Не Сю с виноватым видом проскользнул в комнату, осторожно поклонившись:
— Подданный здесь.
— А ужин где?
Не Сю виновато опустил голову, как провинившийся котёнок:
— Госпожа Мин сказала… подать только когда вы проснётесь. Сейчас блюда на медленном огне, подадут с минуты на минуту.
Она… ждала, чтобы поесть с ним вместе?
Цзи Боцзай замер, в глазах мелькнул лёгкий, но яркий свет. Он резко обернулся, ища её взгляд, и увидел: Мин И уже неспешно пересела к круглому столу из грушевого дерева. Она сидела прямо, спина прямая, подбородок чуть приподнят, взгляд — в сторону, но в следующую секунду она повернула голову и легонько кивнула на свободное место рядом с собой.
Молча, без слов, с тем самым высокомерным достоинством, которое всегда сбивало его с толку.
Он не раздумывал. Вскакивая с ложа, поспешно умывшись и накинув поверх лёгкое верхнее одеяние, он быстро сел рядом с ней.
И в этот момент ему казалось, что, если бы небо обрушилось — он бы и тогда не отвёл взгляда от её лица.
После долгого сна голова всё ещё оставалась тяжёлой и туманной. По приказу Янь Сяо его следовало бы кормить с рук, чтобы не напрягался, но прежде чем Не Сю успел протянуть палочки, Цзи Боцзай уже сам взял их и первым делом положил Мин И кусочек тушёных овощей. При этом нахмурился:
— Почему всё такое пресное?
Мин И, не поднимая глаз, спокойно продолжала есть:
— Последнее время предпочитаю лёгкий вкус.
Цзи Боцзай насторожился:
— Ты заболела?
Она едва не подавилась, а затем, глядя на него с трудно описуемым выражением, вздохнула:
— Глубокоуважаемый мой, из нас двоих — разве не тебе первому стоит задуматься, кто здесь болен?
Он замер.
Значит, всё это… она делала ради него?
Понимание этой мысли будто вспыхнуло в нём — глаза его засияли, как рассыпанные по небу звёзды. Пусть еда была невкусной, пусть аппетит только-только просыпался — но Мин И сидела напротив, и он ел. Ел медленно, основательно, стараясь, чтобы каждый жест был аккуратным, чтобы не упустить ни единого взгляда, ни одной реакции с её стороны.

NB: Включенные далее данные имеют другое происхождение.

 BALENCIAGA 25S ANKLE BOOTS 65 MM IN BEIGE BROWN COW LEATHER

Он съел две чашки рисовой каши и почти полстола лёгких закусок — всё то, что в другой раз он бы даже не попробовал.
Но сегодня он ел, как будто от этого зависела вся его оставшаяся жизнь. И всё это время, как зачарованный, не мог отвести от неё взгляда.
Мин И заметила, как он всё не сводит с неё глаз, и, не выдержав под его взглядом, с усталой усмешкой спросила:
— У меня что, на лице цветок расцвёл?
Он чуть не выдал вслух: «Такой вид — сама услада, ею и насытиться можно», но вовремя прикусил язык. Таких слов в былые годы он швырял направо и налево, с притворной лёгкостью, с улыбкой — и теперь они показались бы ему неискренними. Он только молча кивнул, опустив взгляд, и доел рисовую кашу до дна.

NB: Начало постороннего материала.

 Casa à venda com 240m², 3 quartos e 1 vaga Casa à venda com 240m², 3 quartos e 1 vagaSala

Видя, что он наконец с аппетитом поел, Мин И заметно успокоилась. Она встала, выпрямившись с ленивой грацией, и направилась к столу, усыпанному свитками.
— Ложись, — бросила она, махнув рукой в сторону ложа, — отдыхай дальше.
Цзи Боцзай открыл рот, словно хотел что-то сказать, но передумал. И всё же послушно вернулся к ложу, улёгся, но, конечно, не спал. Он лежал, глядя на неё, как она в мягком свете свечей разворачивает один за другим свитки с делами Чаояна. С каждым движением тени плясали на её лице, подчёркивая чистый изгиб бровей, тонкие губы и плавную линию щёк.
Она выглядела так, будто вырезана из нефрита и согрета дыханием весны. Тепло от её присутствия наполняло всю комнату.